ECLI:NL:CRVB:2022:2017
Centrale Raad van Beroep
- Hoger beroep
- M.A.H. van Dalen - van Bekkum
- Rechtspraak.nl
Niet-ontvankelijkheid van hoger beroep wegens niet tijdig betalen griffierecht
In deze zaak heeft de Centrale Raad van Beroep op 6 september 2022 uitspraak gedaan in het hoger beroep van appellant tegen de Raad van bestuur van de Sociale verzekeringsbank (Svb). Het hoger beroep was ingesteld tegen een eerdere uitspraak van de rechtbank Rotterdam van 5 januari 2022. De Centrale Raad heeft vastgesteld dat het griffierecht van € 136,- niet binnen de gestelde termijn was betaald.

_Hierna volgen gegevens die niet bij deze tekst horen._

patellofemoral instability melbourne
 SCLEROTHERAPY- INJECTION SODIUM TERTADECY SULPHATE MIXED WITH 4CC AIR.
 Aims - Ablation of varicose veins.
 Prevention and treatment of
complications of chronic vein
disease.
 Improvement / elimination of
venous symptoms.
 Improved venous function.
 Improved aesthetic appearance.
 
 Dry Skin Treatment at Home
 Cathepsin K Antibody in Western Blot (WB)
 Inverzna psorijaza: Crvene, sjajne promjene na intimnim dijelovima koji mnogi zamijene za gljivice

Appellant was herhaaldelijk gewezen op de verplichting tot betaling van het griffierecht, zowel in een brief van 17 februari 2022 als in een aangetekende brief van 20 maart 2022. Ondanks deze waarschuwingen heeft appellant het griffierecht niet tijdig voldaan, waardoor het hoger beroep kennelijk niet-ontvankelijk is verklaard. De Raad heeft geoordeeld dat er op basis van de beschikbare gegevens niet kan worden vastgesteld dat appellant niet in verzuim is geweest. De uitspraak is gedaan door M.A.H. van Dalen - van Bekkum, in tegenwoordigheid van griffier A.F. Hulskes. Er is geen aanleiding voor een proceskostenveroordeling, en de beslissing is openbaar uitgesproken.